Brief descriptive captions
__________
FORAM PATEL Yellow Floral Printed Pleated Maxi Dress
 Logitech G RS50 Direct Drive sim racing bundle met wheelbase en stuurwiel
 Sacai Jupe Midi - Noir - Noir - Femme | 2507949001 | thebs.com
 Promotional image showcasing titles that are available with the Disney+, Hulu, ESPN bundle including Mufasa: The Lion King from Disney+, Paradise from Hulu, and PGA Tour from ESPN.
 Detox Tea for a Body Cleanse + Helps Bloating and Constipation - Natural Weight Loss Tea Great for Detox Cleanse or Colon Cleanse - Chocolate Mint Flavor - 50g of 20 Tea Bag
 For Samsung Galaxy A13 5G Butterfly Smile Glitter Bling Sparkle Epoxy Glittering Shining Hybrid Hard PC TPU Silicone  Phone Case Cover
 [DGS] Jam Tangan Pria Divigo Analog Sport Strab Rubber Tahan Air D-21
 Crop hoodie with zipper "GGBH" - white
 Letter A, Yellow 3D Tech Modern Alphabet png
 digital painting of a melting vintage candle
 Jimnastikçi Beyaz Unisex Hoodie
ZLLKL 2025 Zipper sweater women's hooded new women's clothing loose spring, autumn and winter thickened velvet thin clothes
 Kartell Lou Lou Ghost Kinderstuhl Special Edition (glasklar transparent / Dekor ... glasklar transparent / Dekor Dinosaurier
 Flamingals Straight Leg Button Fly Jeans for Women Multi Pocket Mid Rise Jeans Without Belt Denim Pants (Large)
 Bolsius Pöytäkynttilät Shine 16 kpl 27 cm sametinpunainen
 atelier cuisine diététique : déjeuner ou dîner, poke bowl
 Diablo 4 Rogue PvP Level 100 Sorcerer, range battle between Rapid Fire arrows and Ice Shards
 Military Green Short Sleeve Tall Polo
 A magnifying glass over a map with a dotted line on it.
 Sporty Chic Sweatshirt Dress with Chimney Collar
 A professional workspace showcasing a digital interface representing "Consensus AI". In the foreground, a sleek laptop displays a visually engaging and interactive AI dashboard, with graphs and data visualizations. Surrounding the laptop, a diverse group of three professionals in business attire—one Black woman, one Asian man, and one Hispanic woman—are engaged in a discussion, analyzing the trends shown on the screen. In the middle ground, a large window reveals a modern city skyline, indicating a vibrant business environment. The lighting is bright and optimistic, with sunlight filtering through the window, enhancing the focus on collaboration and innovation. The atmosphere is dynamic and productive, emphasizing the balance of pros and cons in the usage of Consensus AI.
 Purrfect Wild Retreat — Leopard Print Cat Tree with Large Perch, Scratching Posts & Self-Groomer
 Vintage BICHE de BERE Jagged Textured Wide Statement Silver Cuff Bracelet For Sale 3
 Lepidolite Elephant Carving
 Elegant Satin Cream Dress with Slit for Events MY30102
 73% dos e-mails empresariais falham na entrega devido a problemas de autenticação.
__________
*PROBLEM TO SOLVE:*
Please transcribe only the lines in the records above running from the line that has "Sacai Jupe Midi" through the line that has "Sporty Chic Sweatshirt", both included, exactly as they appear.

*TASK RESULT:*
 Sacai Jupe Midi - Noir - Noir - Femme | 2507949001 | thebs.com
 Promotional image showcasing titles that are available with the Disney+, Hulu, ESPN bundle including Mufasa: The Lion King from Disney+, Paradise from Hulu, and PGA Tour from ESPN.
 Detox Tea for a Body Cleanse + Helps Bloating and Constipation - Natural Weight Loss Tea Great for Detox Cleanse or Colon Cleanse - Chocolate Mint Flavor - 50g of 20 Tea Bag
 For Samsung Galaxy A13 5G Butterfly Smile Glitter Bling Sparkle Epoxy Glittering Shining Hybrid Hard PC TPU Silicone  Phone Case Cover
 [DGS] Jam Tangan Pria Divigo Analog Sport Strab Rubber Tahan Air D-21
 Crop hoodie with zipper "GGBH" - white
 Letter A, Yellow 3D Tech Modern Alphabet png
 digital painting of a melting vintage candle
 Jimnastikçi Beyaz Unisex Hoodie
ZLLKL 2025 Zipper sweater women's hooded new women's clothing loose spring, autumn and winter thickened velvet thin clothes
 Kartell Lou Lou Ghost Kinderstuhl Special Edition (glasklar transparent / Dekor ... glasklar transparent / Dekor Dinosaurier
 Flamingals Straight Leg Button Fly Jeans for Women Multi Pocket Mid Rise Jeans Without Belt Denim Pants (Large)
 Bolsius Pöytäkynttilät Shine 16 kpl 27 cm sametinpunainen
 atelier cuisine diététique : déjeuner ou dîner, poke bowl
 Diablo 4 Rogue PvP Level 100 Sorcerer, range battle between Rapid Fire arrows and Ice Shards
 Military Green Short Sleeve Tall Polo
 A magnifying glass over a map with a dotted line on it.
 Sporty Chic Sweatshirt Dress with Chimney Collar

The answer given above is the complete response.